Scripture Texts (NRSV) for Sunday, January 31, 2010 (Fourth Sunday After Epiphany)
(Text links are to Oremus Bible Browser. Oremus Bible Browser is not affiliated with or supported by the Evangelical Lutheran Church in America. You can find the calendar of readings for Year C at Lectionary Readings.)
For lectionary humor and insight, check the weekly comic Agnus Day.
He could have stopped while he was ahead. The home town boy had come home to great acclaim. “Yes sir,” they were saying, “that Jesus has turned out to be quite a preacher—knows his Bible backwards and forward.” The text he’d picked from Isaiah was always a crowd pleaser. Those words about release to the captives, sight to the blind, and liberty for the oppressed—that sounded great to people who lived every day with their noses rubbed in their insignificance to the empire which ruled them. Despite all appearances they were important. God had not forgotten them; someday there would be a reckoning. The world would see how special they were. Just hearing the prophet’s words read gave the whole congregation a warm feeling. All Jesus had to do to end the day very well-liked was to stop talking.
But being popular was never a high priority for Jesus. So he reminds the congregation of an inconvenient truth: God seems to care about everyone, Jew and Gentile. There were plenty of hungry Jewish widows when God sent Elijah to Sidon. Even more offensive to those who assumed God’s love was only for Israel, Jesus points out that God directed Elisha to heal a foreign conqueror when there were plenty of pious lepers among the Chosen People. In an instant Jesus went from hometown hero to outsider on the lam.

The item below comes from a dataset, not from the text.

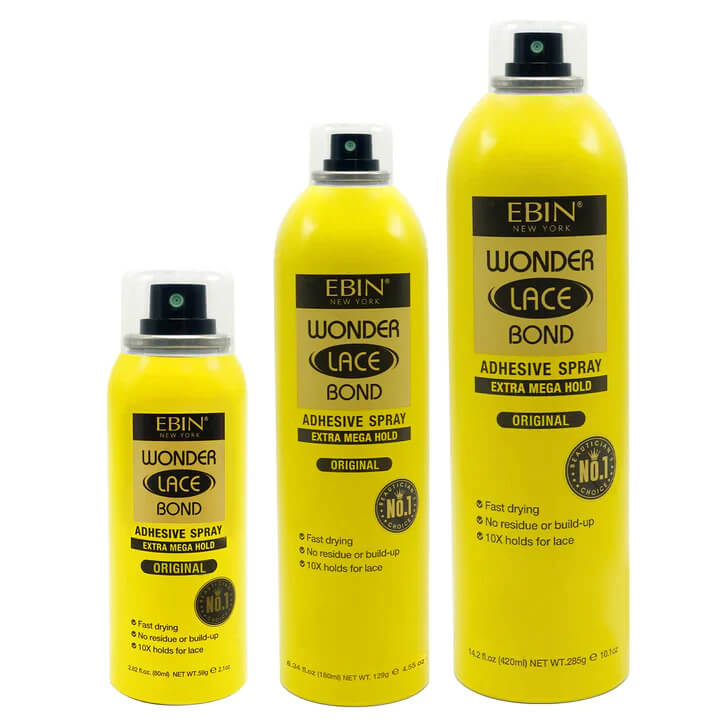Ebin New York Wonder Lace Bond Spray Extra Mega Hold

Theologian Elton Trueblood observed that “the world is equally shocked at hearing Christianity criticized and seeing it practiced.” We hear about God’s love and get a warm feeling. It’s good to know that nothing we can do will separate us from God. We gather with the community in Christ, sing happy songs, and take comfort from the support which surrounds us. Nothing wrong with that. But then Jesus has the audacity to suggest that he might love the folks who are not like us. He might care about those who practice other religions, live in countries at war with our own, have a different colored skin, or have a lifestyle we find offensive. Even more appalling, he seems to want us to love them too. Then we are not so sure we like this God after all.
Unconditional, expansive love is fine in the abstract—but, Jesus, I was really thinking it meant that you love folks fundamentally like me and mine. You mean it includes precisely those I find most offensive? Lord, if you think I am going to do that, there is the cliff I’d like you take a step off of…
Sometimes we get in trouble for talking too much. The question is whether people find us offensive because we are not saying anything worth hearing or because what we are saying is so filled with God’s Word that it is hard to hear and remain unchanged.
- Who are the outsiders beyond your community which you resist including in God’s care?
- Can you remember a time when expressing God’s love for all people caused you to be excluded or rejected?
- Many persons say the church is losing members because it is like a boring speaker who talks too much and never listens? Do you think that is true? How could the church listen to those beyond its fellowship?
Have your group role play the scene at the synagogue described in Luke 4. In order to capture the full drama you will need to expand the gospel reading to include verses 16-20. Invite the group to imagine how the mood in the synagogue would have changed as Jesus read and then offered an expansive interpretation of the text from Isaiah. You might want to cast the scene to include Jesus’ family, the leader of the synagogue, older folks who had known Jesus as a boy, some of his peers growing up, and members of the Jewish community.
Place a chalice and paten in the center of the meeting space. Give participants a number of small slips of paper printed with “The body and blood of Christ are given for_________.” Ask participants to write in the name of those persons or groups they find hardest to love. Invite them to consider both large categories and the individuals with whom they interact daily. When all have filled out as many slips as they wish, put all the slips on the paten or in the chalice. Talk about why it is hard to love some people and how imagining them at the Lord’s table might change our attitude toward them. End with the prayer below.
Lord, who always listened to the longings of those you met, open our ears, that we may compassionately hear the hurts and needs of all whom we encounter this week. May no person, through our words or deeds, feel excluded from your love. In the name of Him who broke down the dividing wall between Jew and Gentile, we make our prayer. Amen.